Consider the function \(y = 2 + 5 \ x\).

  • Identify the independent variable
  • Identify the dependent variable
  • Describe in words what the function does, and compute the output for the following input: \[ x = \begin{bmatrix} 2 \\ 6 \end{bmatrix} \]

Solution

Question 3

Write down in words and in symbols the function summarising the relationship between the side of a square and its perimeter.

Hint: We are interested in how the perimeter varies as a function of its side. Hence, the perimeter is the dependent variable, and the side is the independent variable.

Solution

In today’s lab you will compute the output of functions and plot them. To do so, you will need functionality from the tidyverse package such as tibble(), mutate(), and ggplot(). If you don’t have the package installed, go to the RStudio menu, select Tools, click Install Packages, type tidyverse and click install.

Question 4

Load the tidyverse package.

Create a data set called squares containing the perimeter of squares having sides of length \(0, 2, 5, 9\) metres.

Hint: Remember that to combine multiple numbers together we use the function c().

Solution

Question 5

Plot the squares data as points.

Solution

Now, instead of just 4 points, we will obtain many more, one hundred, and use them to visualise the relationship between side and perimeter of squares.

Question 6

Create a sequence of one hundred side lengths (x) going from 0 to 3 metres.

Compute the corresponding perimeters (y).

Plot the side and perimeter data as points on a graph.

Visualise the functional relationship between side and perimeter of squares. To do so, use the function geom_line() to connect the computed points with lines.

Solution

The function \(y = 4 \ x\) that you plotted above is an example of a function representing a mathematical model.

We typically validate a model using experimental data. However, we all know how squares work and that two squares with the same side will have the same perimeter. Hence this is a deterministic model as it is a model of an exact relationship.

Question 7

The Scottish National Gallery kindly provided us with measurements of side and perimeter (in metres) for a sample of 10 square paintings.

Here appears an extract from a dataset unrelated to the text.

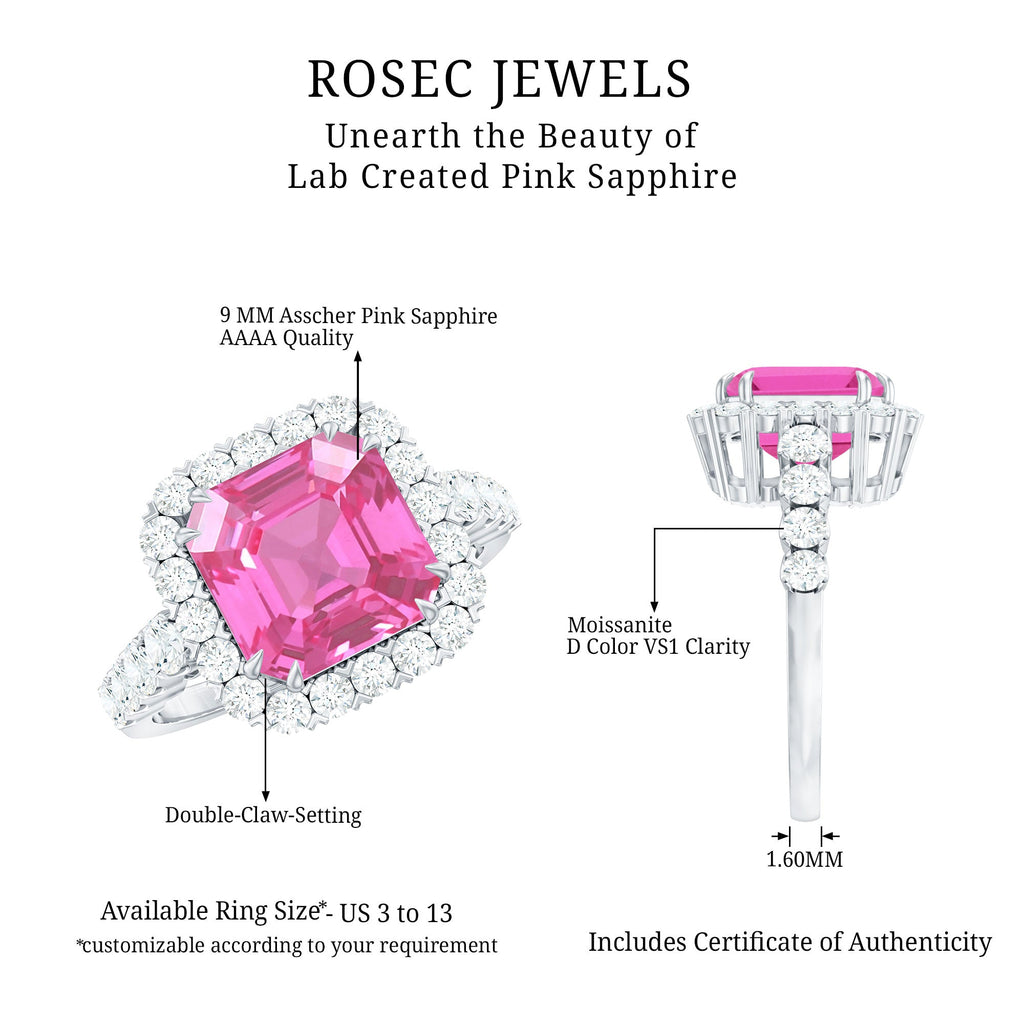 Certified Lab Grown Pink Sapphire 9mm Asscher Cut Engagement Ring in Silver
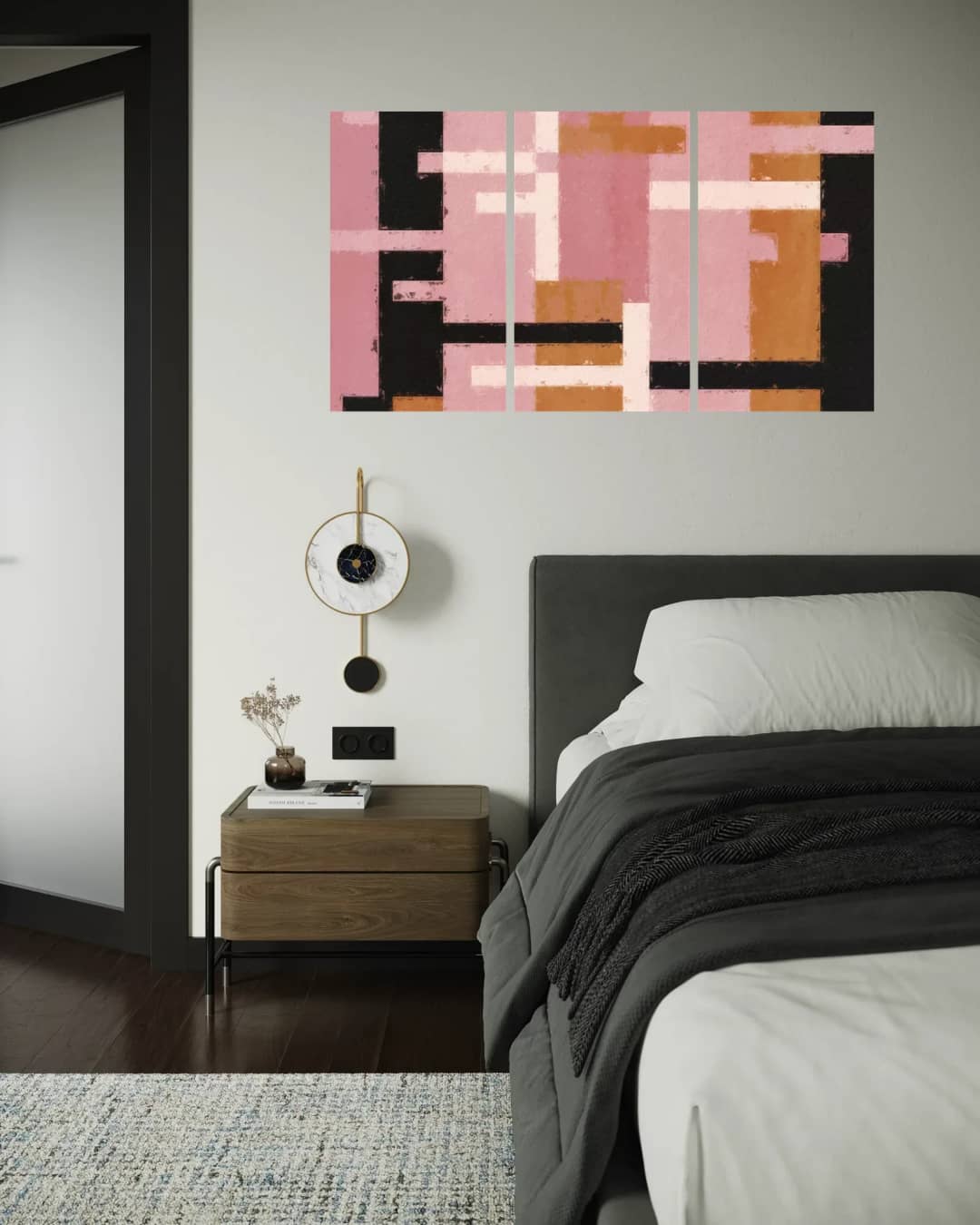 Pink Black Geometric – 3 Panels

The data are provided below:

sng <- tibble(
  side = c(1.3, 0.75, 2, 0.5, 0.3, 1.1, 2.3, 0.85, 1.1, 0.2),
  perimeter = c(5.2, 3.0, 8.0, 2.0, 1.2, 4.4, 9.2, 3.4, 4.4, 0.8)
)

Plot the mathematical model of the relationship between side and perimeter for squares, and superimpose on top the experimental data from the Scottish National Gallery.

Solution

Question 8

Use the mathematical model to predict the perimeter of a painting with a side of 1.5 metres.

Solution

Note!

In this labs workbook we often provide examples of write-ups or interpretations of results in boxes that look like the one below. Keep an eye on them as they will help you in reporting your results!

Example!

Statistical models

Consider now the relationship between height (in inches) and handspan (in cm). Utts and Heckard (2015) provides data for a sample of 167 students which reported their height and handspan as part of a class survey.

Data: handheight.csv.

Question 9

Read the handheight data into R and name the data set handheight.

Solution

Question 10

Investigate how handspan varies as a function of height for the students in the sample.

Do you notice any outliers or points that do not fit with the pattern in the rest of the data?

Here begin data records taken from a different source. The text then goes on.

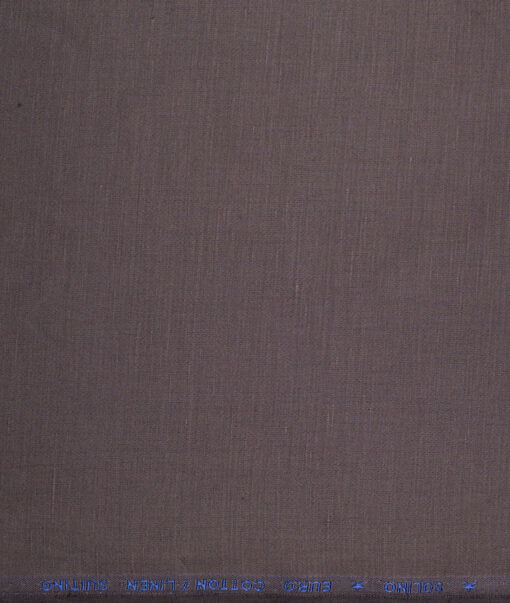 Solino  Solids European Cotton Linen Stretchable Trouser or Chinos Fabric (Greyish Brown)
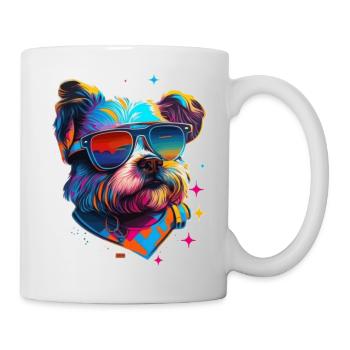 Terrier with sunglasses colorful and colorful - Mug - white - Right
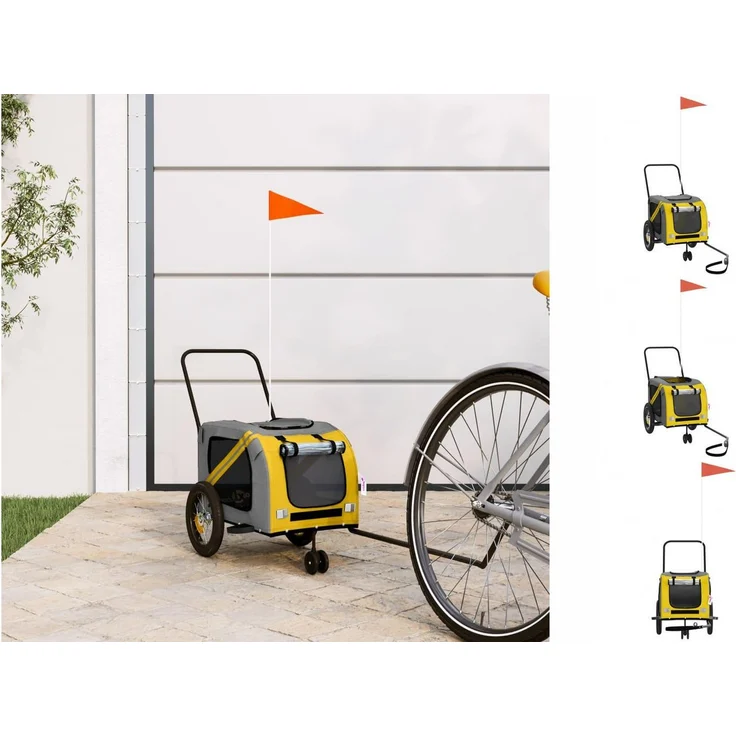 vidaXL Hunde-Transportbox Fahrradanhänger Gelb und Schwarz Oxford-Gewebe & Eisen, Robuster Rahmen, Komfortables Design, Sicheres Fahren – Bild 1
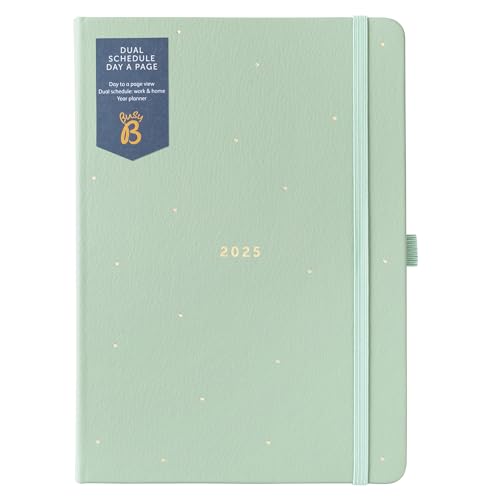 Busy B - Dualer Tagesplaner 2025 - A5 Salbei grünes Tagebuch Journal mit zwei Zeitplänen, Kunstledereinband & Goldfolie - Work-Life Balance Organizer für vielbeschäftigte Berufstätige von Busy B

Comment on any main differences you notice with the relationship between side and perimeter of squares.

Hint: Use a scatterplot to visualise the relationship between two numeric variables.

Solution

Question 11

Using the following command, superimpose on top of the scatterplot a best-fit line describing how handspan varies as a function of height. For the moment, the argument se = FALSE tells R to not display uncertainty bands.

geom_smooth(method = lm, se = FALSE)

Comment on any differences you notice with the line summarising the linear relationship between side and perimeter.

Solution

The mathematical model \[ Perimeter = 4 * Side \] or, equivalently, \[ y = 4 * x \] represents the exact relationship between side and perimeter of squares.

Contrary to the relationship represented by the mathematical model above, the relationship between height and handspan shows deviations from the “average pattern.” Hence, we need to create a model that allows for deviations from the linear relationship. This is called a statistical model.

A statistical model includes both a deterministic function and a random error term: \[ Handspan = \beta_0 + \beta_1 * Height + \epsilon \] or, in short, \[ y = \underbrace{\beta_0 + \beta_1 * x}_{\text{function of }x} + \underbrace{\epsilon}_{\text{random error}} \]

The deterministic function need not be linear if the scatterplot displays signs of nonlinearity. In the equation above, the terms \(\beta_0\) and \(\beta_1\) are numbers specifying where the line going through the data meets the y-axis and its slope (rate of increase/decrease).

Question 12

The line of best-fit is given by:1 \[ \widehat{Handspan} = -3 + 0.35 \ Height \]

What is your best guess for the handspan of a student who is 73in tall?

And for students who are 5in?

Solution

References

Utts, Jessica M, and Robert F Heckard. 2015. Mind on Statistics. Cengage Learning.

  1. Yes, the error term is gone. This is because the line of best-fit gives you the prediction of the average handspan for a given height, and not the individual handspan of a person, which will almost surely be different from the prediction of the line.↩︎